These are recommendations that EEB members developed during our Ecology Group discussion:
- Statement must make an impact in a short amount of time:
- Committee members typically have about 5 minutes to spend on each statement during the first round of review (although will spend longer during subsequent rounds).
- Figures are good, so long as:
- There are only 1-2.
- Figure is a conceptual model that summarizes research approach, rather than merely an interesting photo.
- Figure is clearly organized, large enough to read, and high resolution once uploaded.
- Make organization clear and paper readable:
- Keep paper short enough that you can use spacing to separate sections, and don’t have to resort to small font and margins.
- Bolding key headings/items is good, so long as not overused.
- Avoid having too many different numbering systems (for sections, research questions, hypotheses, etc.), which quickly can get confusing.
- Good to start with statement of who you are (e.g., community ecologist) and what you study.

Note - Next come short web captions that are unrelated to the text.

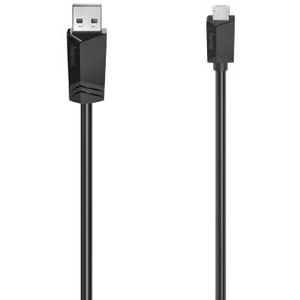 Hama USB 2.0 kabel USB Micro B stekker, USB-A stekker, 0,75 m, zwart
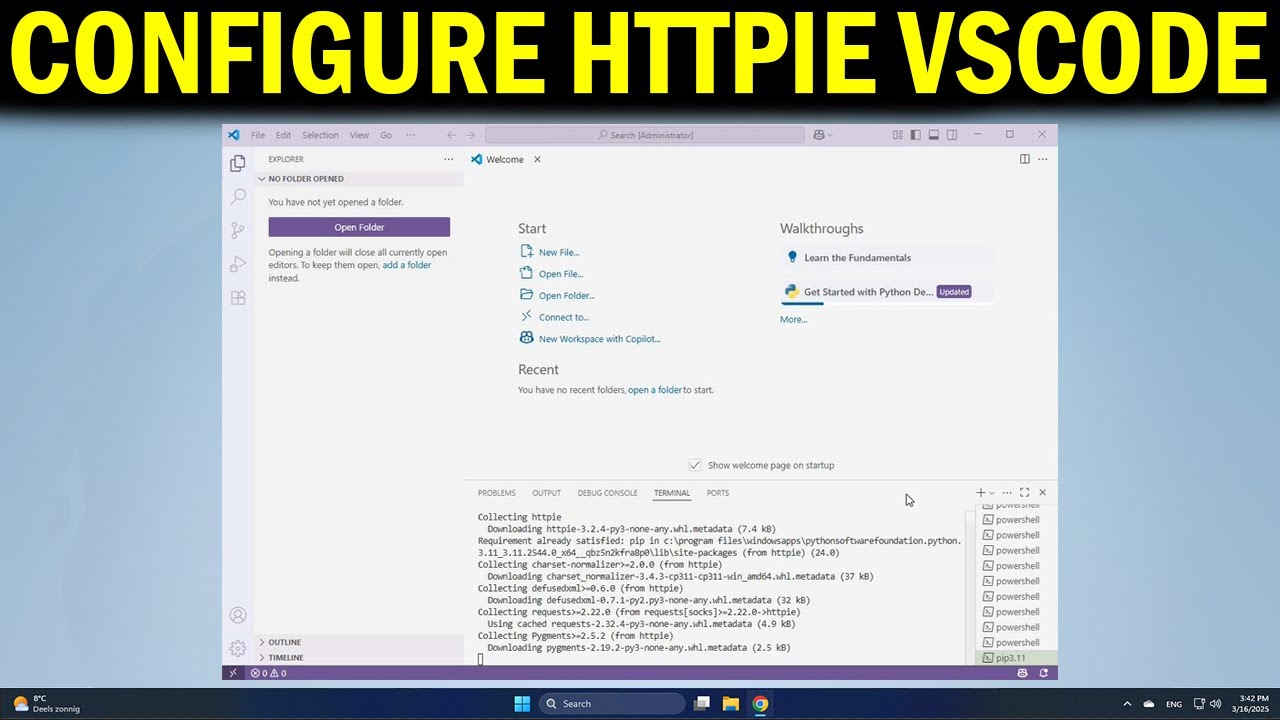 How To Configure HTTPie in VS Code for Effortless API Testing Complete Installation Guide for Phyton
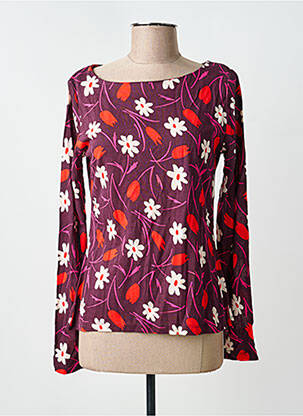 T-shirt manches longues manches longues violet COMPAÑIA FANTASTICA femme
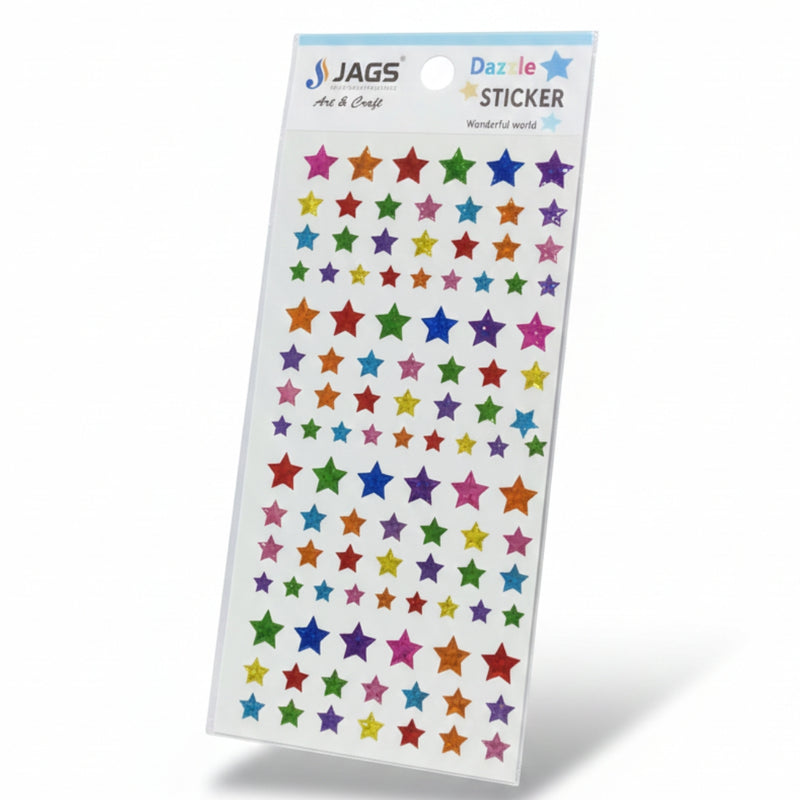 3D Sticker Star Mix Colour l Pack of 1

- Instead of just listing projects, papers, etc., provide cohesive description of overall research trajectory.
- While descriptions of student mentoring are helpful, they are more appropriate in a teaching or diversity statement.
- Don’t need to include a list of citations:
- Committee members typically do not read them.
- If most of the papers listed are yours, they’re in the CV anyway.
- Proposing collaborations with specific faculty members:
- Can strengthen application, but not required/expected.
- The risk is that applicant misunderstands faculty’s research or departmental politics (i.e., proposes collaborations among people who don’t get along), or proposes to fill a gap that has recently been filled (and department website just hasn’t been updated yet).
- There are other ways to convey why you’re interested in a department:
- By identifying its strengths
- By proposing how you could bridge X and Y
- Most importantly, by tailoring your application to the departmental needs identified in the job call.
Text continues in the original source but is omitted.